**EXERCISE INPUT**:
::::::::::
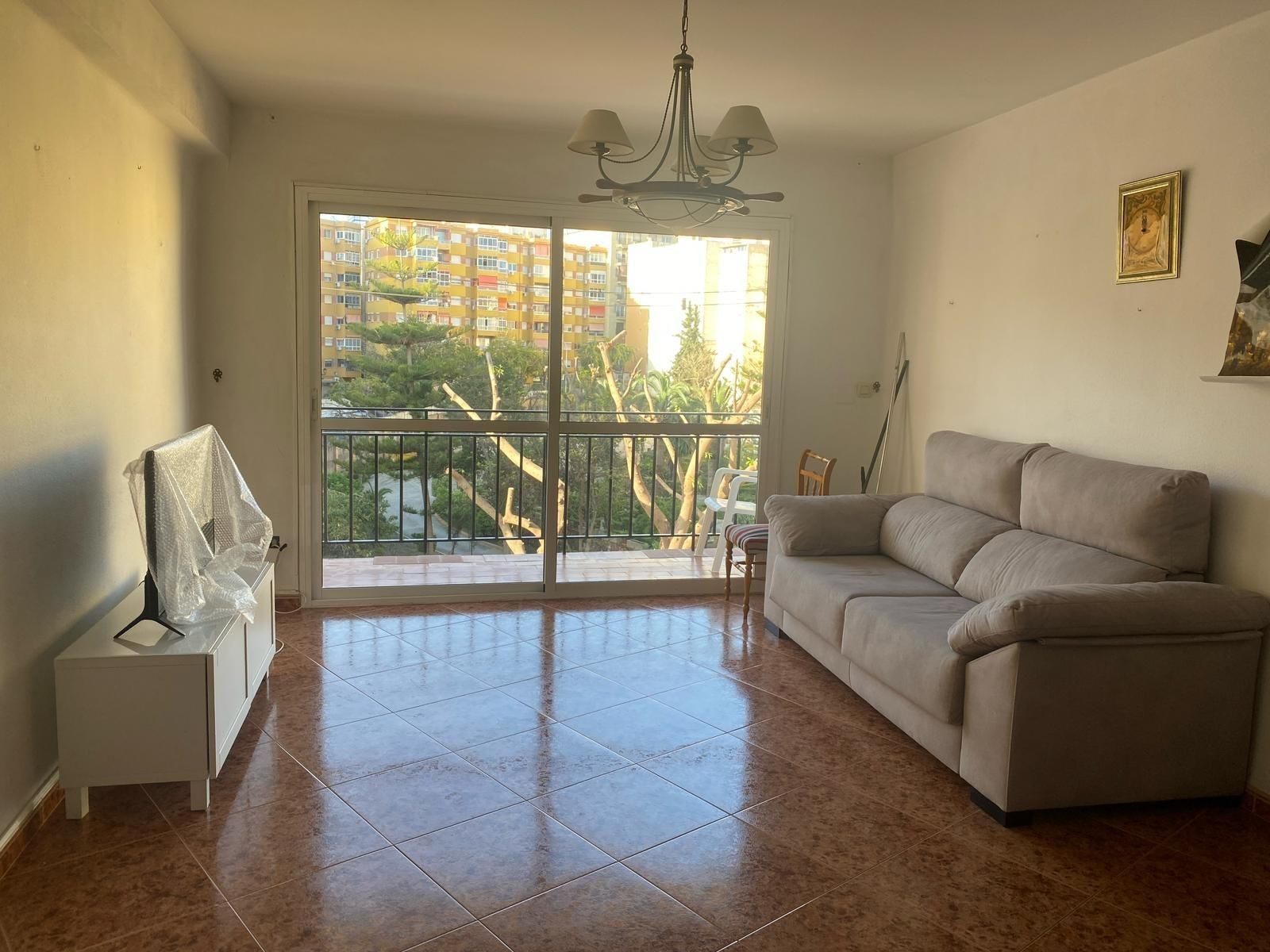 Sala d'estar de Pis per a compartir en Málaga Capital amb Terrassa i Balcó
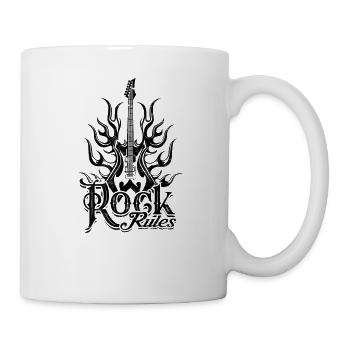 Rock Rules - Musikgenre - Mug blanc - blanc - Droite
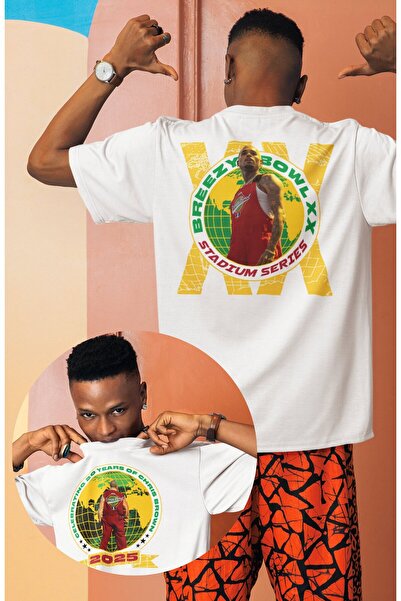 Fuddy Moda Унисекс тениска Breezy Bowl Stadium Series с печат на гърба, тенис...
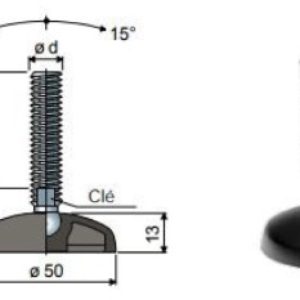 Roue / roulette industrielle PA189 — Accessoires pa — Rhône Élastomères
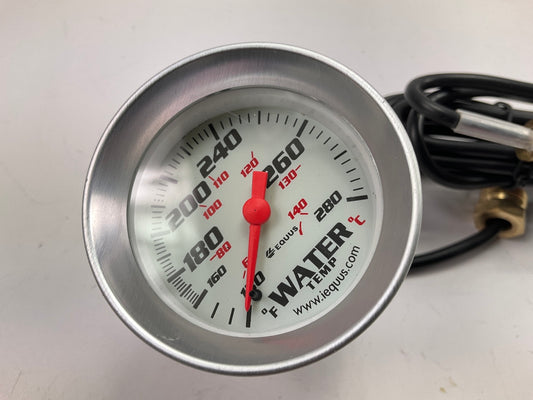Equus 8242 2'' Coolant Temperature Mechanical Water Temp Gauge, 130-280 F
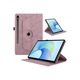Husa pentru tableta Samsung Galaxy Tab S9fe/x510/10.9 Tree of Life, rotativa, roz aurie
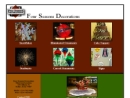 Website Snapshot of Four Seasons Decorations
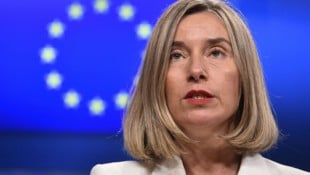 Federica Mogherini ist im Zusammenhang mit Ermittlungen wegen des Verdachts auf Missbrauch von ...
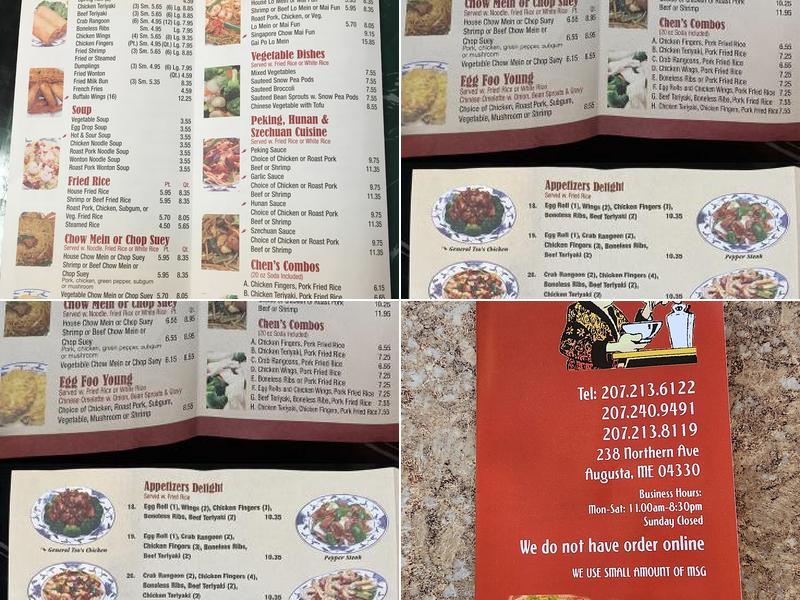 Chen's Menu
::::::::::
Repeat all the records above exactly, leaving out any pictures.

**SOLUTION**:
 Sala d'estar de Pis per a compartir en Málaga Capital amb Terrassa i Balcó
 Rock Rules - Musikgenre - Mug blanc - blanc - Droite
 Fuddy Moda Унисекс тениска Breezy Bowl Stadium Series с печат на гърба, тенис...
 Roue / roulette industrielle PA189 — Accessoires pa — Rhône Élastomères
Equus 8242 2'' Coolant Temperature Mechanical Water Temp Gauge, 130-280 F
Husa pentru tableta Samsung Galaxy Tab S9fe/x510/10.9 Tree of Life, rotativa, roz aurie
 Website Snapshot of Four Seasons Decorations
 Federica Mogherini ist im Zusammenhang mit Ermittlungen wegen des Verdachts auf Missbrauch von ...
 Chen's Menu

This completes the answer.